> _Task statement_
Could you retype, exactly as written, every line from the top of the records through the line that contains "(W) Louis Vuitton"?

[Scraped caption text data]
######
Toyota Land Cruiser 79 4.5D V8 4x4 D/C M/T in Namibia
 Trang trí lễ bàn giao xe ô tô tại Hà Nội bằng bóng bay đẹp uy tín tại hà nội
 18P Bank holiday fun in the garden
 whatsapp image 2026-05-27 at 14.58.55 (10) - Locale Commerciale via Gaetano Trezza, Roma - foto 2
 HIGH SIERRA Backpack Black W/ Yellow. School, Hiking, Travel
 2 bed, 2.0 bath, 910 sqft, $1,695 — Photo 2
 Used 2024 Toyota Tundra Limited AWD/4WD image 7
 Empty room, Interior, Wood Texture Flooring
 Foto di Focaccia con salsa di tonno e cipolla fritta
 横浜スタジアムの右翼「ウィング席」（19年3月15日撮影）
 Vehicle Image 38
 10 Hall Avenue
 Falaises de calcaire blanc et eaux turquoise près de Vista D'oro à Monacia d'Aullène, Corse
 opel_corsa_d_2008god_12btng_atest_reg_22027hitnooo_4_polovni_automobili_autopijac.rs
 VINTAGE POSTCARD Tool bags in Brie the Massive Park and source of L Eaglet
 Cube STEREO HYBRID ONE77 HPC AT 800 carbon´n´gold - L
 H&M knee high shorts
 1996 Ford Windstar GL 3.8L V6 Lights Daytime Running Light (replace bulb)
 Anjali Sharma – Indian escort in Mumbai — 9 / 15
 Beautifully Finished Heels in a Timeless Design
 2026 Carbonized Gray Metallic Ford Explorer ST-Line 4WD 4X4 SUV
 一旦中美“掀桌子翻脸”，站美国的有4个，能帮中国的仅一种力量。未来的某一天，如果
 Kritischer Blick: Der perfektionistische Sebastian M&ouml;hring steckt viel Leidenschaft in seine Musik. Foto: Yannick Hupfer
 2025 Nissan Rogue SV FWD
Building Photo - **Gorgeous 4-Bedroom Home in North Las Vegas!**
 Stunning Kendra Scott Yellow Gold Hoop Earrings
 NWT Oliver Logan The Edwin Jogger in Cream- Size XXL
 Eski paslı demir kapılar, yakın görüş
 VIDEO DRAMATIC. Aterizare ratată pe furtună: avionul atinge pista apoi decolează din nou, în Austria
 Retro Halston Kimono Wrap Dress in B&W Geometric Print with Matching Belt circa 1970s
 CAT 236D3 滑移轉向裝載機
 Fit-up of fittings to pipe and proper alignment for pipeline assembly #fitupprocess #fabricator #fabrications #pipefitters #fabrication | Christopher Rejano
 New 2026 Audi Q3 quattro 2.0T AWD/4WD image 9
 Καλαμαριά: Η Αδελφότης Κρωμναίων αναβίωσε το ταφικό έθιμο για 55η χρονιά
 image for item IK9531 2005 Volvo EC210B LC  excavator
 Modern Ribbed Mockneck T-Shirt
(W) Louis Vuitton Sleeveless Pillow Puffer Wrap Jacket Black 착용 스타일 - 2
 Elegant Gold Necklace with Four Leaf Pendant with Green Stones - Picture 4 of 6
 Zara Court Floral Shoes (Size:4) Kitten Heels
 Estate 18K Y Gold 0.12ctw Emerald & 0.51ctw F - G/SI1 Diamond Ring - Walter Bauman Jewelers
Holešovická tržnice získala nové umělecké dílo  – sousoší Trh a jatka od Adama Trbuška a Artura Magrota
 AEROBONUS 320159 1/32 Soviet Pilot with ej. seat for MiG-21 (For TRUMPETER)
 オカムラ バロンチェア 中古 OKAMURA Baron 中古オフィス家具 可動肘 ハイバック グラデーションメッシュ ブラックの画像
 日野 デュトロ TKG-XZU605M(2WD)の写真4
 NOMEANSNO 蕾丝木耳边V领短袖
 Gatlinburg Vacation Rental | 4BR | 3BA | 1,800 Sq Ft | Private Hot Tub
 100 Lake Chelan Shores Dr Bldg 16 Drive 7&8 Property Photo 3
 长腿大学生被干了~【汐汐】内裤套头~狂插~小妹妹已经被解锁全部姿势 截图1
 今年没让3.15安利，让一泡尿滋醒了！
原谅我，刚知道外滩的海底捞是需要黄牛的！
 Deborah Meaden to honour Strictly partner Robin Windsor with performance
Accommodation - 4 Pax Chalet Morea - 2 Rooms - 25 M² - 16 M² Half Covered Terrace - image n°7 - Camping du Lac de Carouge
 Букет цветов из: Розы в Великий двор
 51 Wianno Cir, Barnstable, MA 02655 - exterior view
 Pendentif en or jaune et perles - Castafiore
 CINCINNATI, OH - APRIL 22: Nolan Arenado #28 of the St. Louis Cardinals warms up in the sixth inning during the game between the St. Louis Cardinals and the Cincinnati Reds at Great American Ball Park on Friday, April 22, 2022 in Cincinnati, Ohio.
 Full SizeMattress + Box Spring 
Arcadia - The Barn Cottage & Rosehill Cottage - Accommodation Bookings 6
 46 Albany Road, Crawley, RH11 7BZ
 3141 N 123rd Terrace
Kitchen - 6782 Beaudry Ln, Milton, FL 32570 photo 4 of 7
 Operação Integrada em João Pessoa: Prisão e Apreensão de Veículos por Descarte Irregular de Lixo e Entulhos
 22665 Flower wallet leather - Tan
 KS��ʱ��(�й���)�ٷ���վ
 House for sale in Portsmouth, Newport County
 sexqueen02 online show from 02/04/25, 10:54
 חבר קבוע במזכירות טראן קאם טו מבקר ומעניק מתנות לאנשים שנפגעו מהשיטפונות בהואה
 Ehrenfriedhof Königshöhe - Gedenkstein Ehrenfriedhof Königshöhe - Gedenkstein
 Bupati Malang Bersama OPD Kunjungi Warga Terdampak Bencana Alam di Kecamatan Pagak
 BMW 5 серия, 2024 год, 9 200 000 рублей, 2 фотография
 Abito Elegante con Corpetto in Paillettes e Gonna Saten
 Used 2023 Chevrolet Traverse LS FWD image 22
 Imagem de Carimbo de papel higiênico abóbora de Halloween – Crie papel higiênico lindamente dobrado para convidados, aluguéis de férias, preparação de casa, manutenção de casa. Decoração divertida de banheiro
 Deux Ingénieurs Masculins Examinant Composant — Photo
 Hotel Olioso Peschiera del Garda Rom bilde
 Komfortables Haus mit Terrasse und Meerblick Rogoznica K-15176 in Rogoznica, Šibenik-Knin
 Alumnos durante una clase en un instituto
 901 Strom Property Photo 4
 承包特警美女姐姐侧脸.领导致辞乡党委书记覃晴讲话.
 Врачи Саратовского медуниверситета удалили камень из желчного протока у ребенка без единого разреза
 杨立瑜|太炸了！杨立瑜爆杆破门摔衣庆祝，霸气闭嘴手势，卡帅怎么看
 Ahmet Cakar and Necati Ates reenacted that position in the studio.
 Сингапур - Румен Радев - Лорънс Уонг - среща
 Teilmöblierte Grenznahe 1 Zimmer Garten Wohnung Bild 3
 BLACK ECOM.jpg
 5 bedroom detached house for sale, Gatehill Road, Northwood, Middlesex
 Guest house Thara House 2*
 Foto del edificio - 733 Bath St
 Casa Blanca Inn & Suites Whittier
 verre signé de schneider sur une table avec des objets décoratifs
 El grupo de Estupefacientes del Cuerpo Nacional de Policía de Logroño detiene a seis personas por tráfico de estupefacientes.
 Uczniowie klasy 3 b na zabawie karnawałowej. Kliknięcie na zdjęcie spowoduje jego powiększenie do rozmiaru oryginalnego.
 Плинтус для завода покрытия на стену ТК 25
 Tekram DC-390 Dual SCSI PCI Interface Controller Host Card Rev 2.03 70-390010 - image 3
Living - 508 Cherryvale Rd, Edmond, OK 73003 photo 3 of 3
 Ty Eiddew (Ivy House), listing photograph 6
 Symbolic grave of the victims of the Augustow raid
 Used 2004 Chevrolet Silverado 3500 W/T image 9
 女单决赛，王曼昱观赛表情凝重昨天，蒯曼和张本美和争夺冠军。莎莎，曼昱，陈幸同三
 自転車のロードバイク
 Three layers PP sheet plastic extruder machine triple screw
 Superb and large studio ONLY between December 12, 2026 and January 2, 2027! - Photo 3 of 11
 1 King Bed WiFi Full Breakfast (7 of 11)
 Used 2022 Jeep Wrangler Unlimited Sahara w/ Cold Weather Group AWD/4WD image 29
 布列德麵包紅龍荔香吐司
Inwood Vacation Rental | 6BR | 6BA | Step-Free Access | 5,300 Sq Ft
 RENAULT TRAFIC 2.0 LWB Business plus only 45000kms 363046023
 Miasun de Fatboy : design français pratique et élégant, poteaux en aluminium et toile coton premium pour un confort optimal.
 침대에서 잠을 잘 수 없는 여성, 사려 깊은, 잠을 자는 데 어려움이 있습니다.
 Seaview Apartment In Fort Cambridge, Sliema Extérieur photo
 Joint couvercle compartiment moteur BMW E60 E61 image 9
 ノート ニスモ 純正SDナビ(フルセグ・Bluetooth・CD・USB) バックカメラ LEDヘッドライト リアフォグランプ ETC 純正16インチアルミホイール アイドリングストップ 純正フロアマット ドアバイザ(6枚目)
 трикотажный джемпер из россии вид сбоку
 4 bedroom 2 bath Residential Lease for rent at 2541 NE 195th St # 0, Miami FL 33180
######
> _Response to this exercise_
Toyota Land Cruiser 79 4.5D V8 4x4 D/C M/T in Namibia
 Trang trí lễ bàn giao xe ô tô tại Hà Nội bằng bóng bay đẹp uy tín tại hà nội
 18P Bank holiday fun in the garden
 whatsapp image 2026-05-27 at 14.58.55 (10) - Locale Commerciale via Gaetano Trezza, Roma - foto 2
 HIGH SIERRA Backpack Black W/ Yellow. School, Hiking, Travel
 2 bed, 2.0 bath, 910 sqft, $1,695 — Photo 2
 Used 2024 Toyota Tundra Limited AWD/4WD image 7
 Empty room, Interior, Wood Texture Flooring
 Foto di Focaccia con salsa di tonno e cipolla fritta
 横浜スタジアムの右翼「ウィング席」（19年3月15日撮影）
 Vehicle Image 38
 10 Hall Avenue
 Falaises de calcaire blanc et eaux turquoise près de Vista D'oro à Monacia d'Aullène, Corse
 opel_corsa_d_2008god_12btng_atest_reg_22027hitnooo_4_polovni_automobili_autopijac.rs
 VINTAGE POSTCARD Tool bags in Brie the Massive Park and source of L Eaglet
 Cube STEREO HYBRID ONE77 HPC AT 800 carbon´n´gold - L
 H&M knee high shorts
 1996 Ford Windstar GL 3.8L V6 Lights Daytime Running Light (replace bulb)
 Anjali Sharma – Indian escort in Mumbai — 9 / 15
 Beautifully Finished Heels in a Timeless Design
 2026 Carbonized Gray Metallic Ford Explorer ST-Line 4WD 4X4 SUV
 一旦中美“掀桌子翻脸”，站美国的有4个，能帮中国的仅一种力量。未来的某一天，如果
 Kritischer Blick: Der perfektionistische Sebastian M&ouml;hring steckt viel Leidenschaft in seine Musik. Foto: Yannick Hupfer
 2025 Nissan Rogue SV FWD
Building Photo - **Gorgeous 4-Bedroom Home in North Las Vegas!**
 Stunning Kendra Scott Yellow Gold Hoop Earrings
 NWT Oliver Logan The Edwin Jogger in Cream- Size XXL
 Eski paslı demir kapılar, yakın görüş
 VIDEO DRAMATIC. Aterizare ratată pe furtună: avionul atinge pista apoi decolează din nou, în Austria
 Retro Halston Kimono Wrap Dress in B&W Geometric Print with Matching Belt circa 1970s
 CAT 236D3 滑移轉向裝載機
 Fit-up of fittings to pipe and proper alignment for pipeline assembly #fitupprocess #fabricator #fabrications #pipefitters #fabrication | Christopher Rejano
 New 2026 Audi Q3 quattro 2.0T AWD/4WD image 9
 Καλαμαριά: Η Αδελφότης Κρωμναίων αναβίωσε το ταφικό έθιμο για 55η χρονιά
 image for item IK9531 2005 Volvo EC210B LC  excavator
 Modern Ribbed Mockneck T-Shirt
(W) Louis Vuitton Sleeveless Pillow Puffer Wrap Jacket Black 착용 스타일 - 2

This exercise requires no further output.